Commercial space activities will also be a likely component of the proposed space policy. The UAE has made agreements with commercial suborbital operators, in particular Virgin Galactic, where the state-controlled investment fund will acquire “exclusive regional rights” to launch tourism and scientific research space flights from Dubai under the Virgin Galactic label. Additionally, XCOR Aerospace has expressed interest in performing revenue-generating flights from the UAE, which means the proliferation of commercial space activities and the resultant benefits are sure to be expressed in the anticipated policy in terms of recognizing the potential for hosting commercial space activities and the need to implement laws and regulations to administer the industry.
International cooperation in outer space activities is another important consideration the future space policy is sure to address. The importance of cooperation is clearly recognized by the UAE, even more so considering the recent announcement of talks with the United States to enter into outer space cooperation. International cooperation for the UAE not only will reap access to resources that it would not otherwise have, but will also give the UAE further legitimacy in the international community with the resultant national prestige, which is sure to make the issue of interaction with foreign space players an important consideration in crafting the UAE space policy.
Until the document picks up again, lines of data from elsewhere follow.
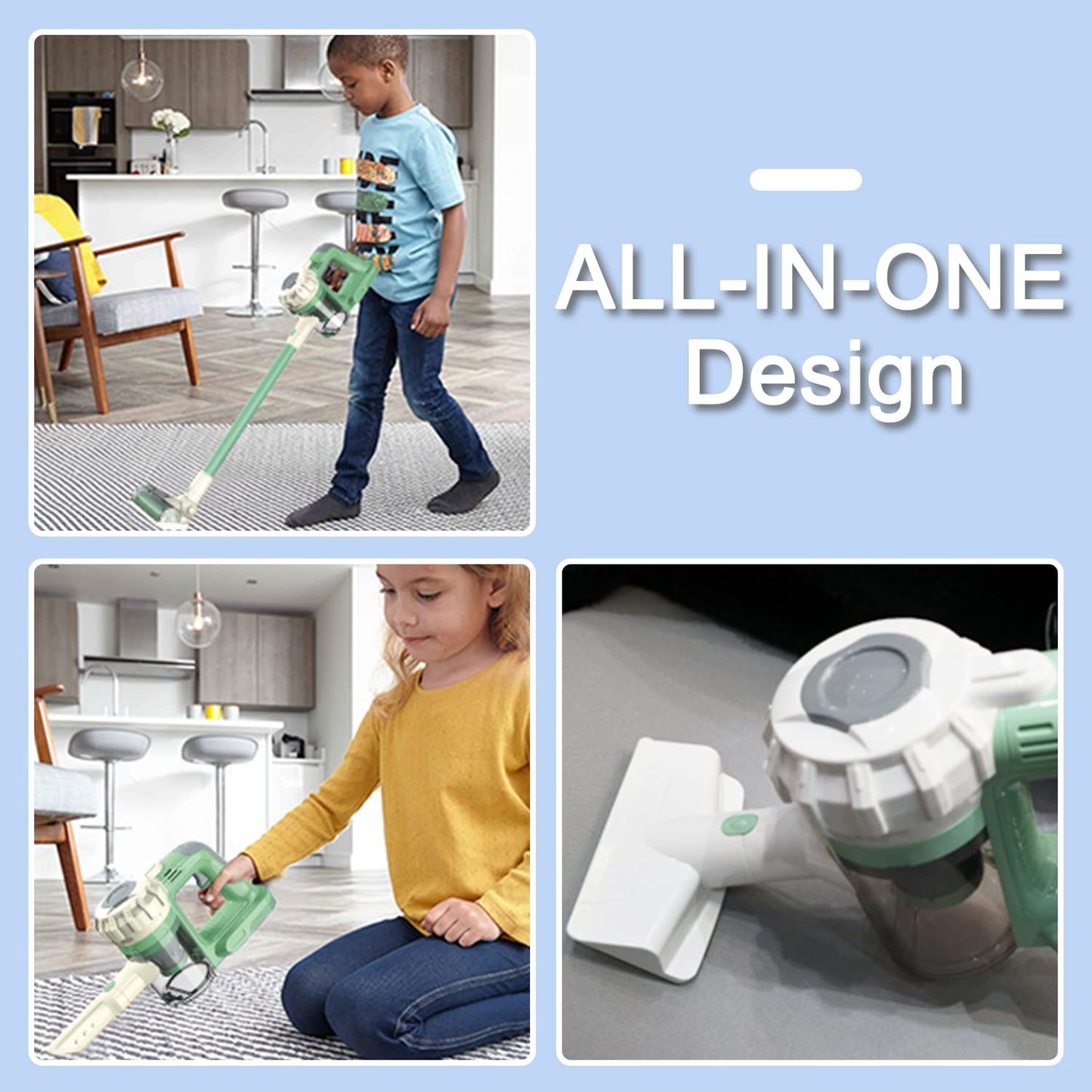 BAYMI 3-in-1 Kids Vacuum Cleaner That Works - Toddler Vacuum Cleaning Toy Set for Children Aged 3+, Kids Working Play Vacuum with Real Suction for Realistic Play (Green)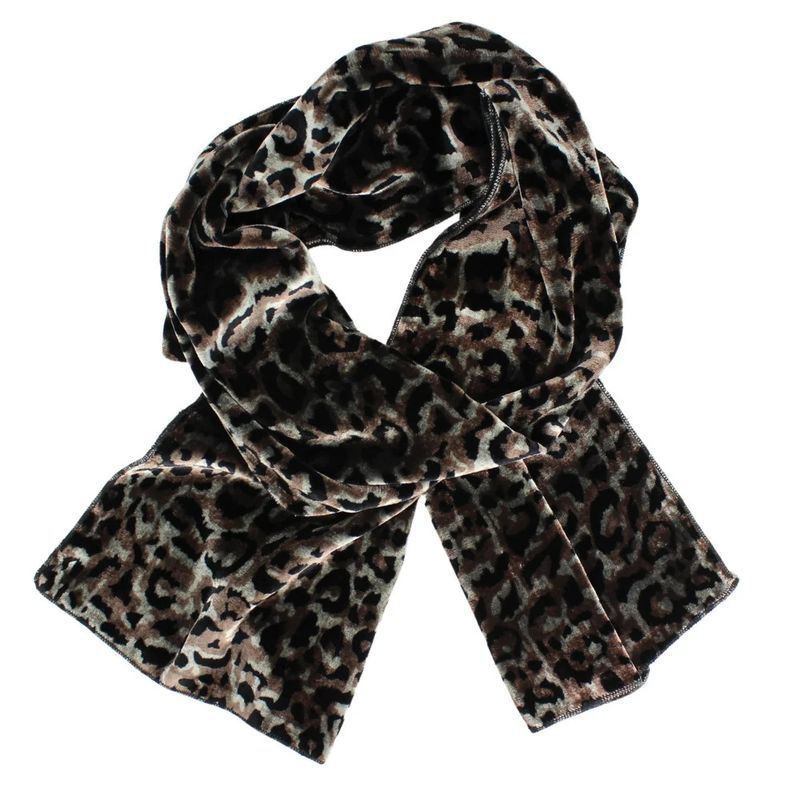 Burnout Velvet Scarf Leopard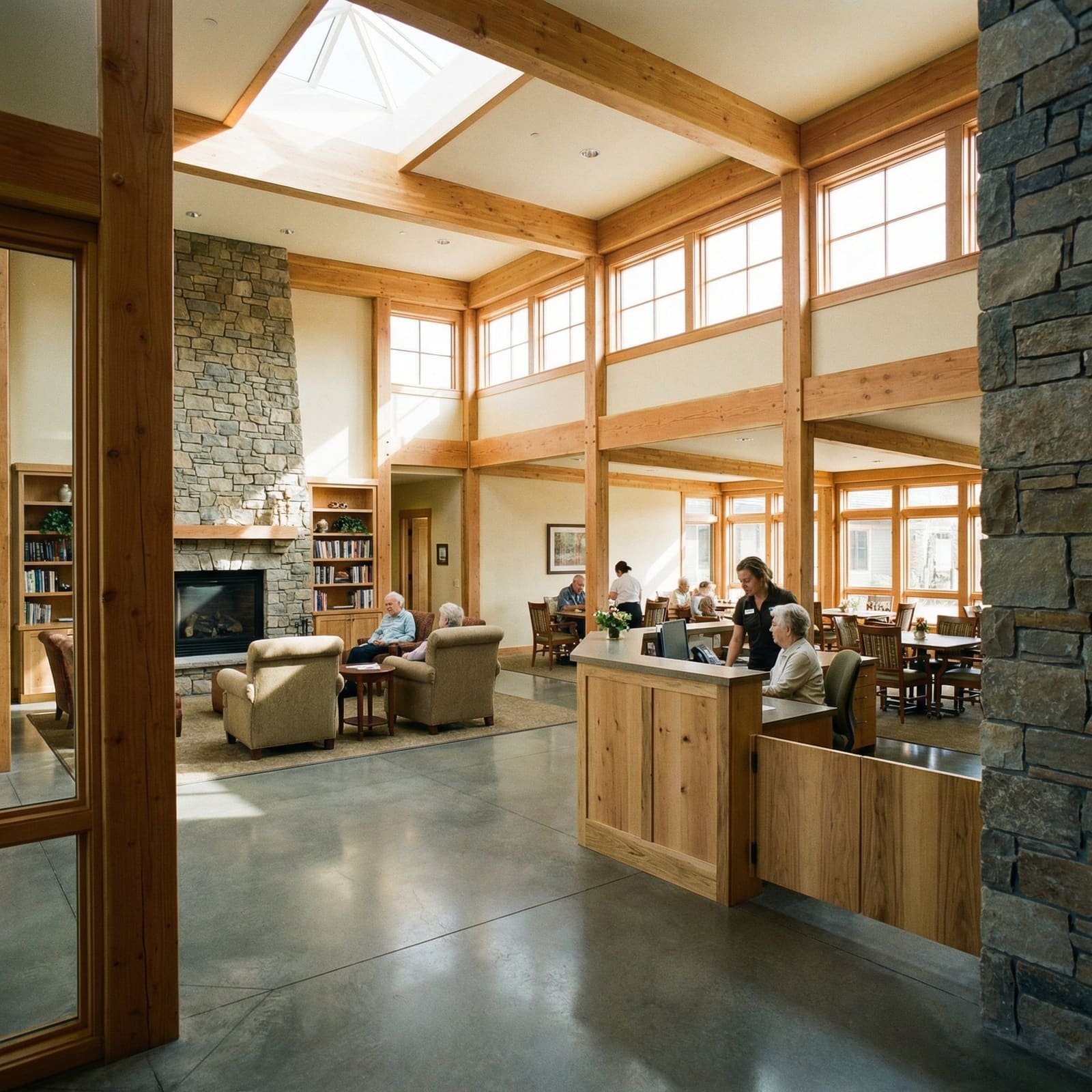 A bright memory care common room with tall windows, seating, and staff at reception.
The utility and value of outer space for national security is well recognized, and the UAE is no exception. The UAE’s geographic location is such that it is surrounded by countries with whom it has good relations, but it is also close to historical adversaries. This, coupled with the inherent instability of the region, makes the consideration of the use of outer space for national security activities of paramount importance to the UAE’s space policy. It is here where the UAE space policy could conceivably diverge between a public, unclassified space policy that articulates general statements of the use of outer space for national security activities and a classified, nonpublic version detailing specific national goals to utilize outer space for national security purposes. It is not out of the norm for a national space policy to have unclassified and classified components, and with one of one of its neighbors pursuing nuclear weapons and the threat of nuclear proliferation throughout the Middle East, the utilization of space-based assets to monitor activity in the region will be a necessity that UAE space policy will need to address.
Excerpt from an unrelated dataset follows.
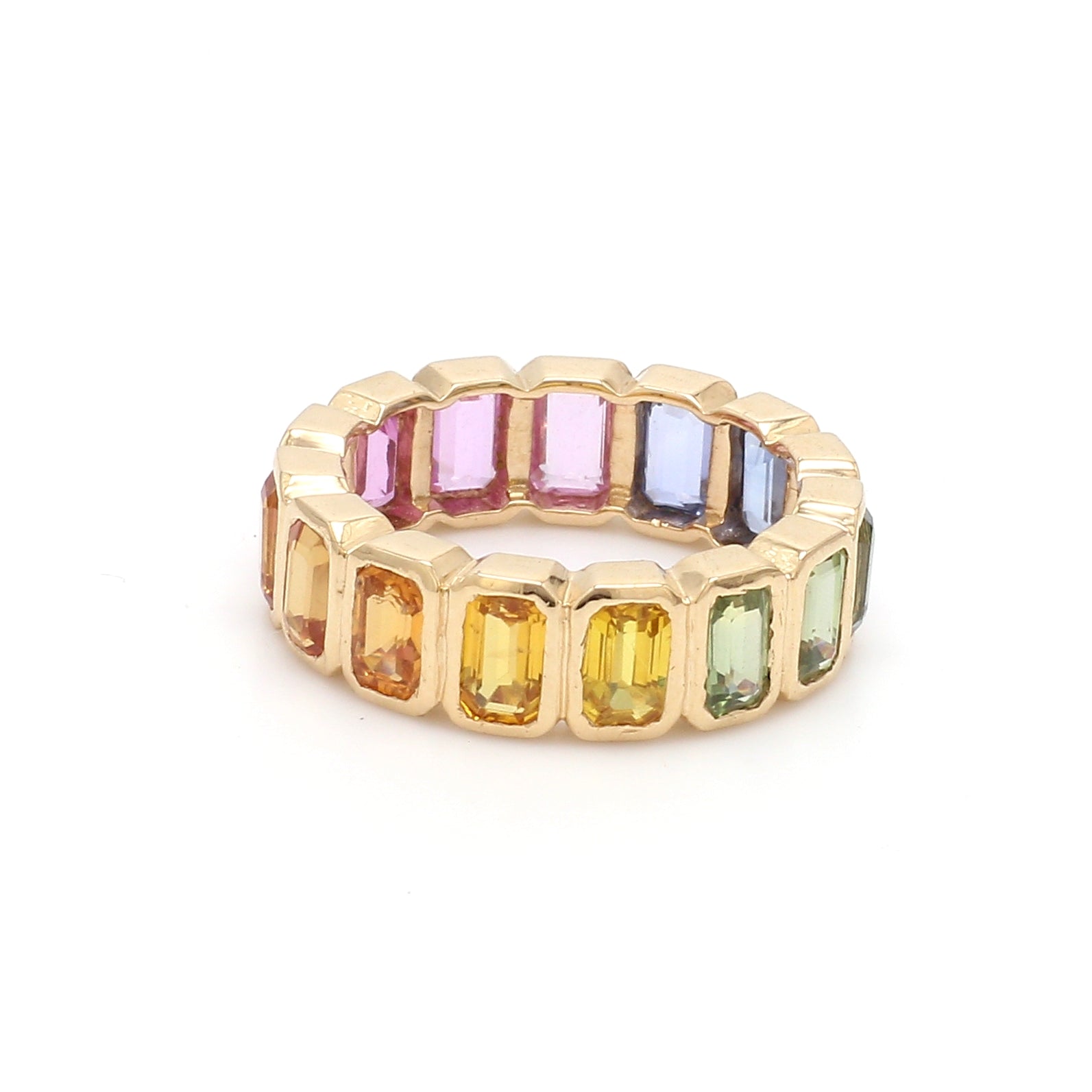 Rainbow Sapphire Octagon Bezel Set Ring - qivii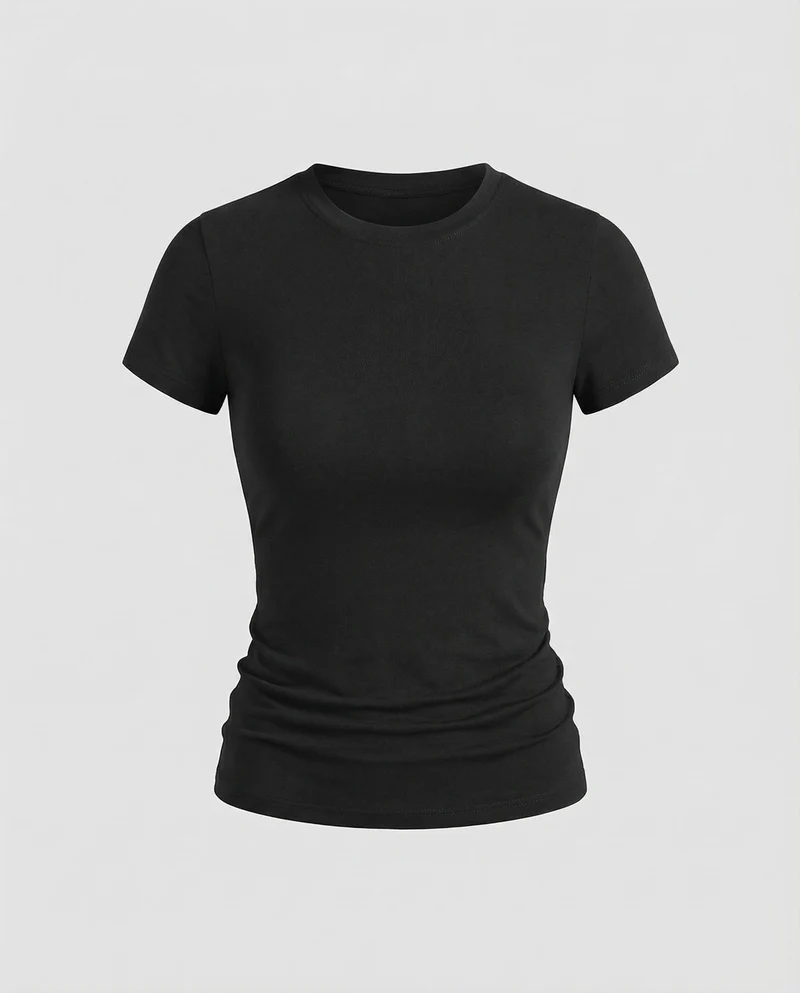 Damen Schmale Microstretch Mischgewebe Kurzarmshirt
The UAE space policy will attract geopolitical interest and the respect of other geopolitical players in outer space activities. By taking the initiative and the time to develop a coherent space policy, the UAE will exhibit that its interest in outer space activities is not just for show but rather represents a national commitment. The ancillary benefit will be that the UAE will be looked upon as a significant player in the outer space community, and it will join the ranks of those nations who have articulated a national space policy and with it the respect that accompanies it.
Michael J. Listner is an attorney and the founder and principal of Space Law & Policy Solutions, a legal and policy think tank/consultation firm that identifies issues and offers practical solutions for matters relating to outer space security and development.